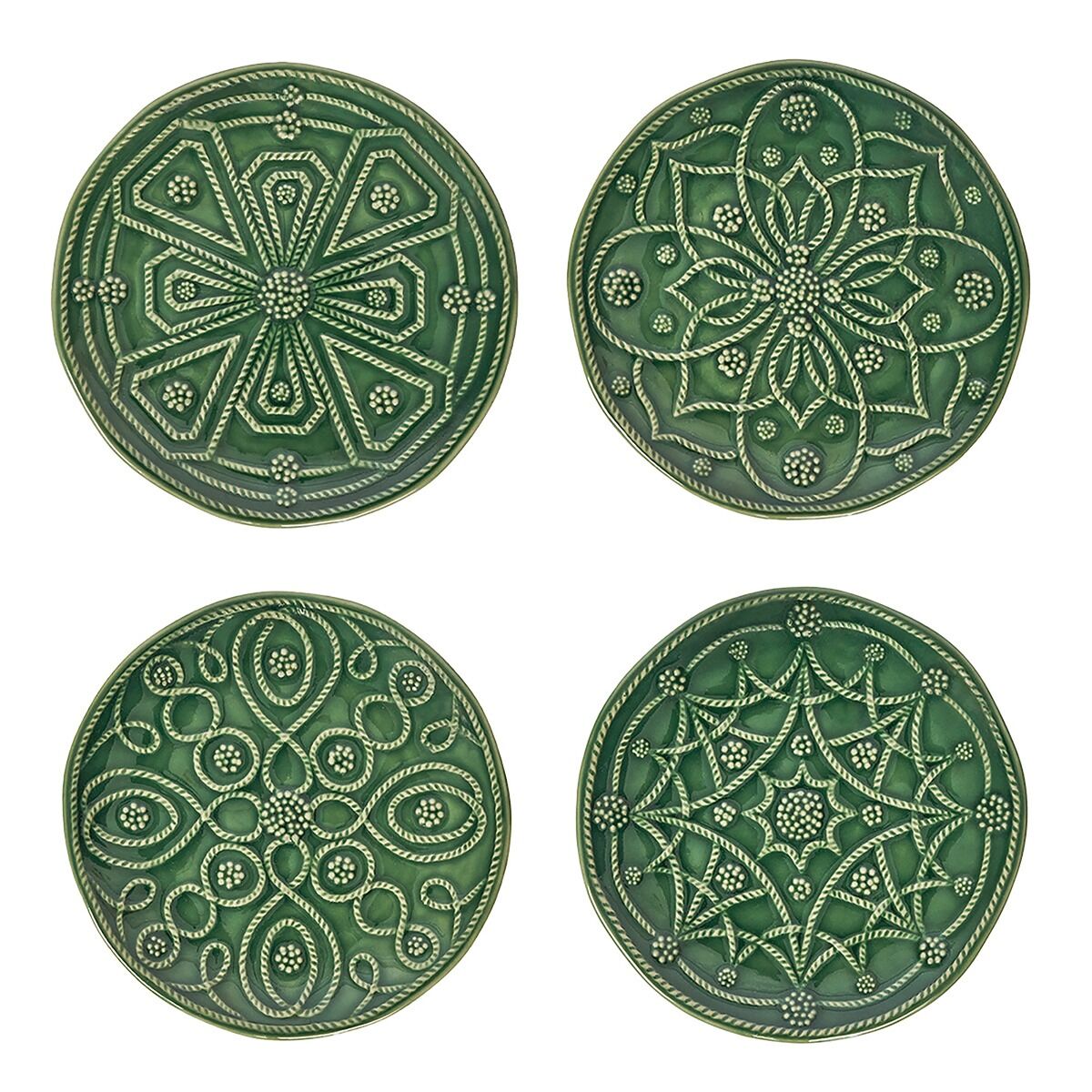 Jardins Du Monde Side/Cocktail Plate Assorted Set/4 - Basil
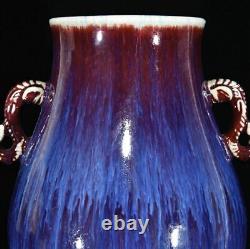 Chinese Kiln change Porcelain Handmade Exquisite Binaural Vase 28190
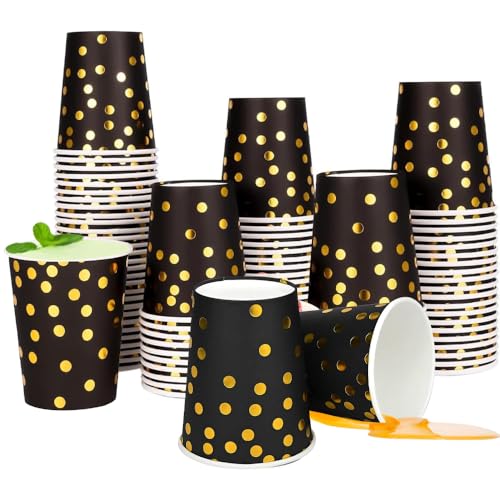 WZHHDM Pappbecher, 60 Stück Gold Dot Partybecher, Pappbecher Gold Dot Geburtstag Hochzeit Weihnachtsfeier Picknick Grillen Büro Schule Biologisch Abbaubar Pappbecher Heißen Kalten Getränken von WZHHDM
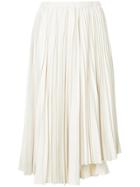 Estnation Asymmetric Pleated Skirt - White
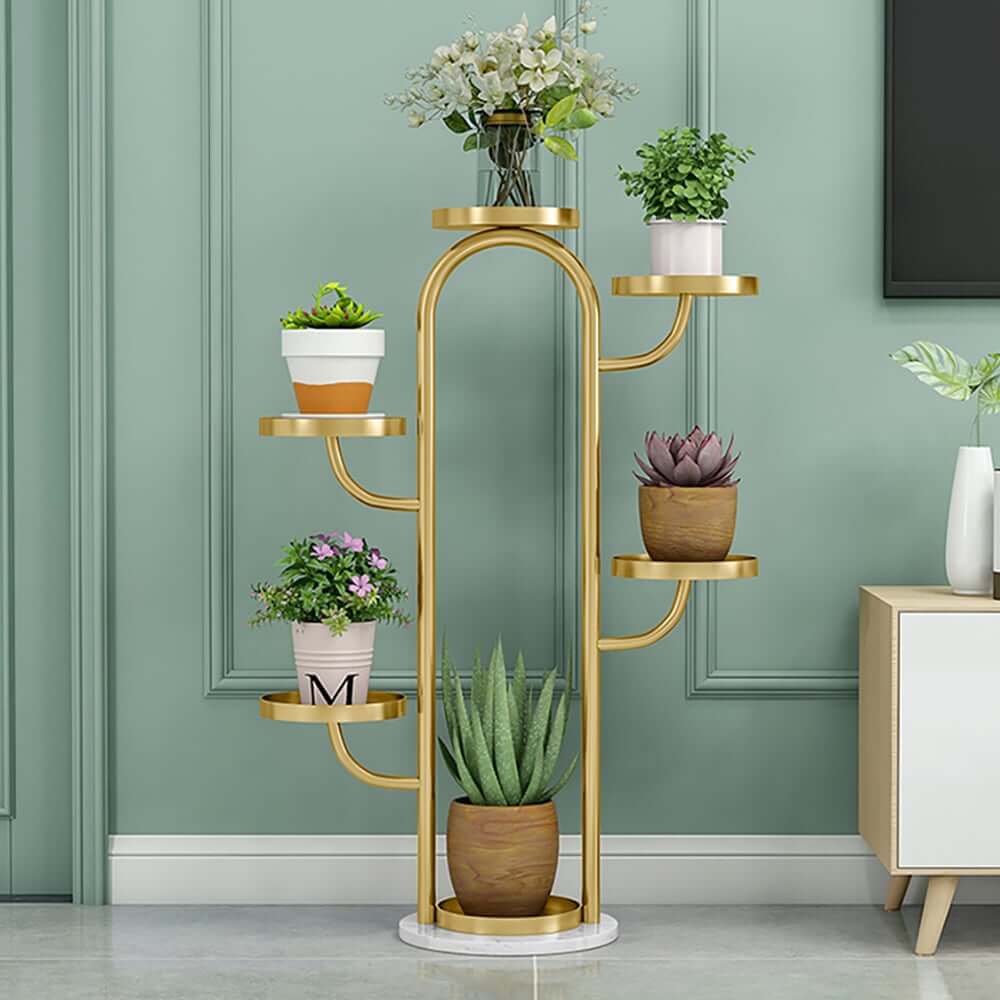 Modern Gold Faux Marble Multi-Tiered Plant Stand Set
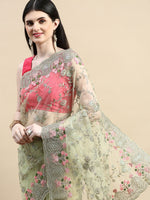 Thumbnail for kasee Floral Embroidered Zari Net Saree - Distacart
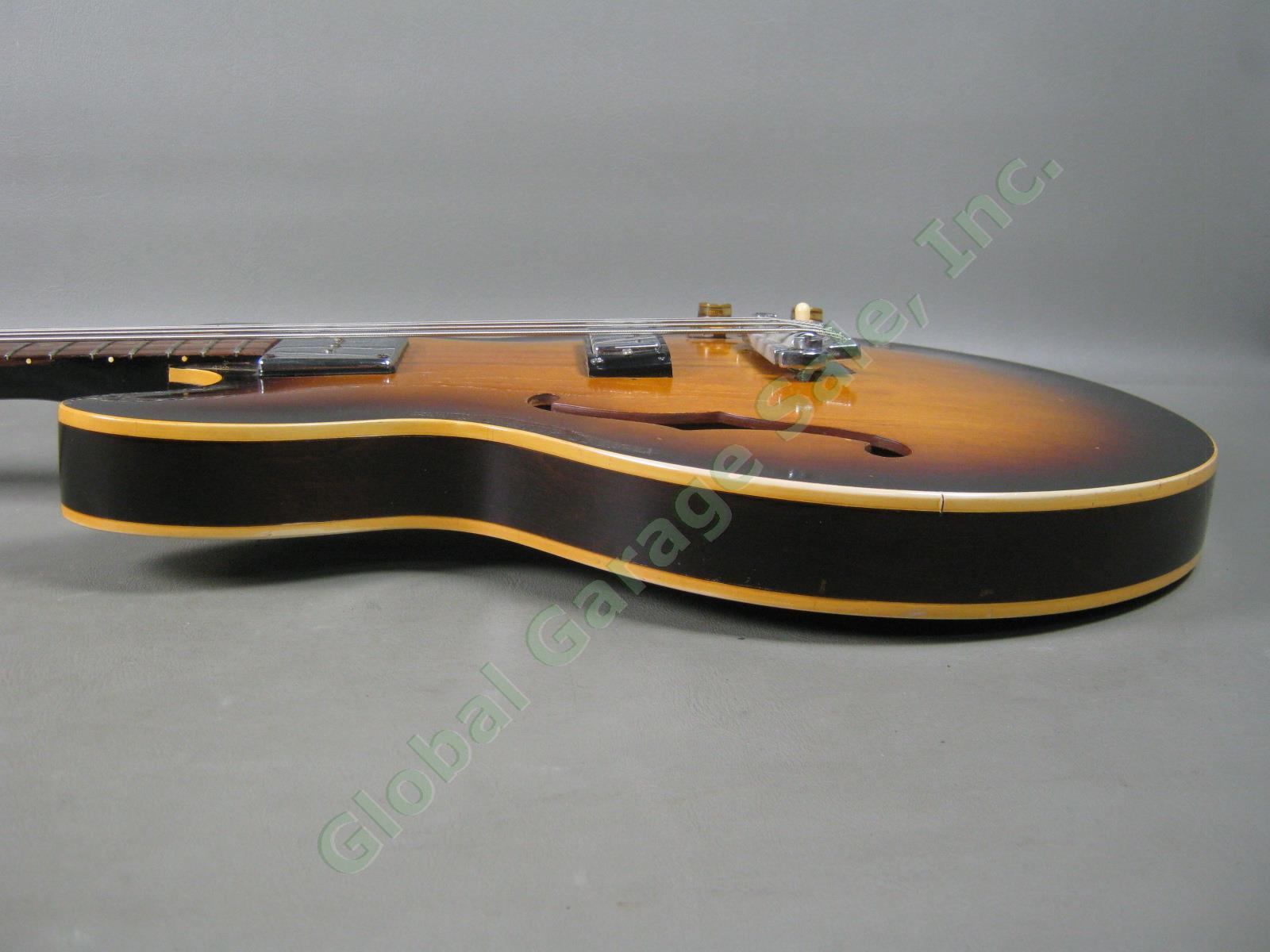 Vtg 1960s Epiphone Rivoli EB232 Semi Hollow Body Electric Bass Guitar NO RESERVE 5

_ _ _ _ _ _ _

EXERCISE OBJECTIVE:
Nothing but the lines from the line holding "Chinese Kiln change" through the last line of the entries above is to be reproduced, exactly and without pictures.

EXPECTED ANSWER:
 Chinese Kiln change Porcelain Handmade Exquisite Binaural Vase 28190
 WZHHDM Pappbecher, 60 Stück Gold Dot Partybecher, Pappbecher Gold Dot Geburtstag Hochzeit Weihnachtsfeier Picknick Grillen Büro Schule Biologisch Abbaubar Pappbecher Heißen Kalten Getränken von WZHHDM
 Estnation Asymmetric Pleated Skirt - White
 Modern Gold Faux Marble Multi-Tiered Plant Stand Set
 Thumbnail for kasee Floral Embroidered Zari Net Saree - Distacart
 Vtg 1960s Epiphone Rivoli EB232 Semi Hollow Body Electric Bass Guitar NO RESERVE 5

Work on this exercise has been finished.